## Data provided
-*-

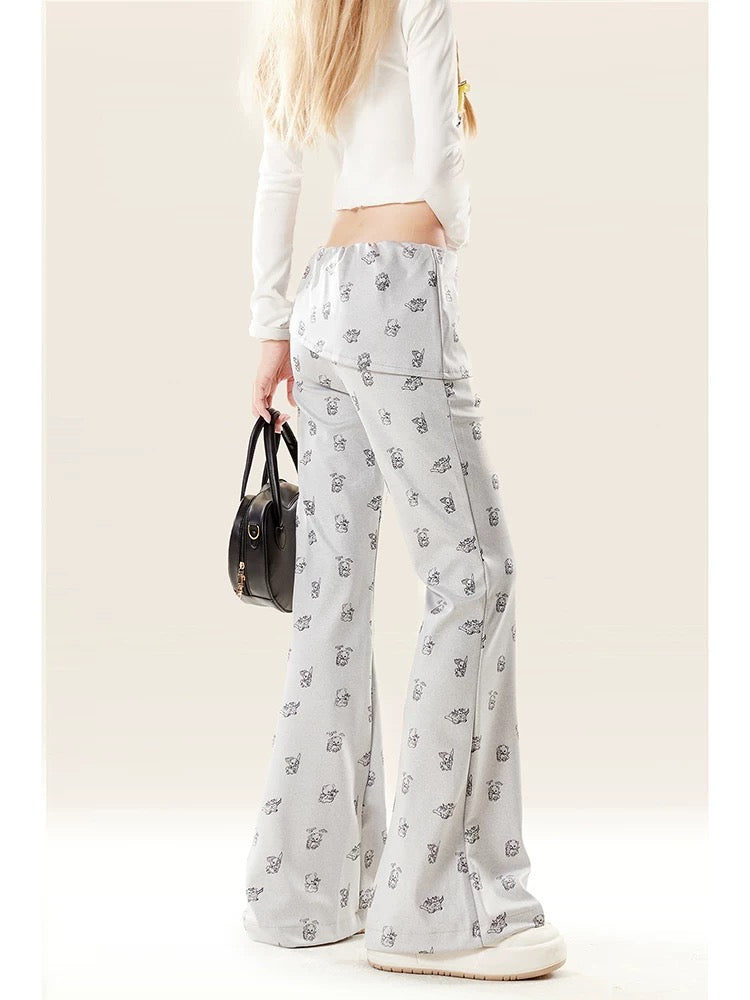 Natural astringent gray fake two-piece printed micro-flare pants for women in autumn and winter new slim casual design niche pants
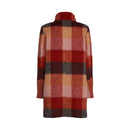 Casual Check Zip Coat - Rust Brown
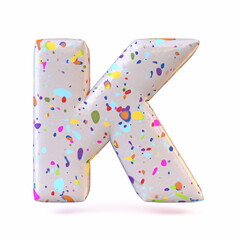 Colorful terrazzo pattern font Letter K 3D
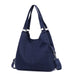 Nylon Tote Bag with Inside Pockets And Adjustable Strap - Deep Blue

-*-

Where the data includes pictures, leave them out and write out everything else exactly.

## Result for this task
 Natural astringent gray fake two-piece printed micro-flare pants for women in autumn and winter new slim casual design niche pants
 Casual Check Zip Coat - Rust Brown
 Colorful terrazzo pattern font Letter K 3D
 Nylon Tote Bag with Inside Pockets And Adjustable Strap - Deep Blue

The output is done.